The Guardian recognized that SF Weekly had become a threatening competitor, along with internet publishing. Both newspapers appealed to essentially the same demographic and attracted many of the same advertisers. Competition between the two newspapers for advertisers was "pretty intense." The fundamental objective of the Guardian was essentially the same as the SF Weekly: to become dominant in the San Francisco marketplace.

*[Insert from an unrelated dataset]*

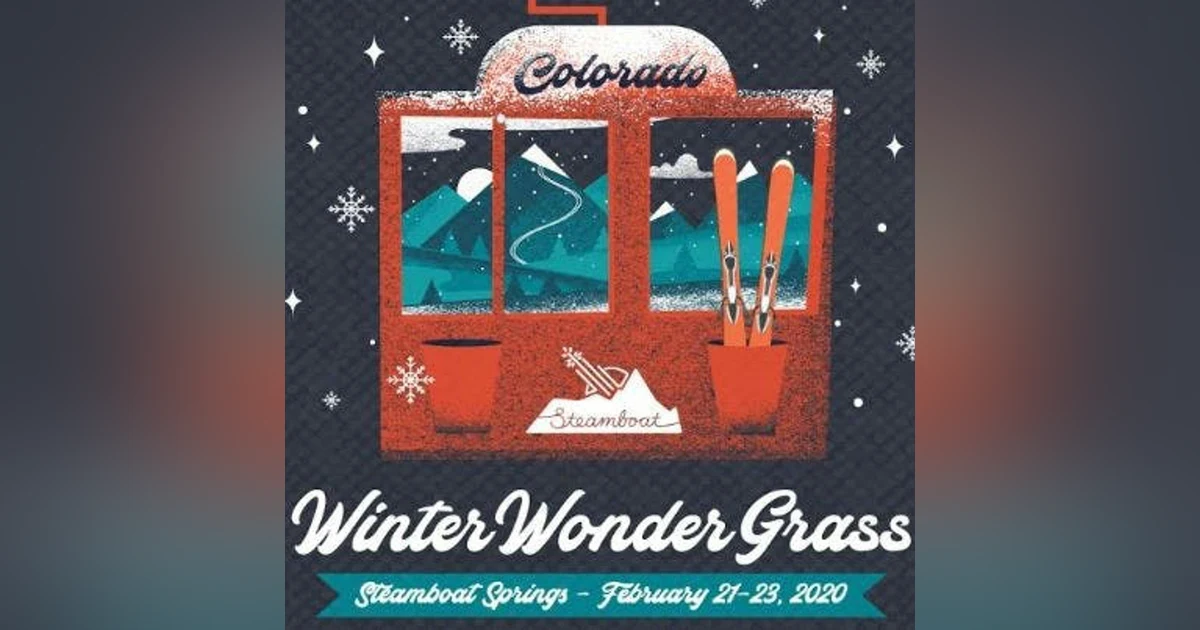 Winter Wonder Grass preview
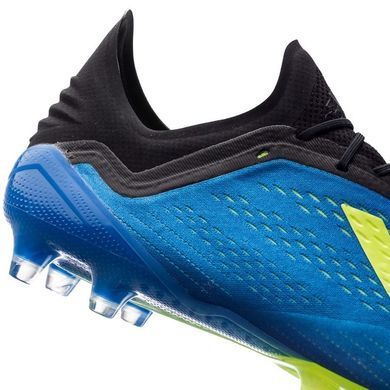, Adidas, Мужская, 39, FG копочки, Натуральный газон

In March of 2001, the New Times acquired another alternative weekly newspaper, the Express, which then had a circulation of about 60, 000 to 65, 000. The Express, which was based in Oakland, offered advertising customers a slightly different geographical region of exposure than the Guardian or the SF Weekly, and in conjunction with the SF Weekly provided a greater coverage area and circulation than the Guardian alone. As with the SF Weekly, the "approach" of the New Times was to improve the editorial quality of the Express and increase circulation. The Express provided reduced rates to advertising customers, which it intended to "slowly raise" over time. Despite its lower circulation the Express charged higher advertising rates than the SF Weekly, although lower rates than the Guardian. Once the Express was acquired by the New Times, to entice prospective advertisers "away from the Guardian" the SF Weekly also offered free advertisements in the Express. The New Times anticipated losses at the Express while the paper was developed and expanded.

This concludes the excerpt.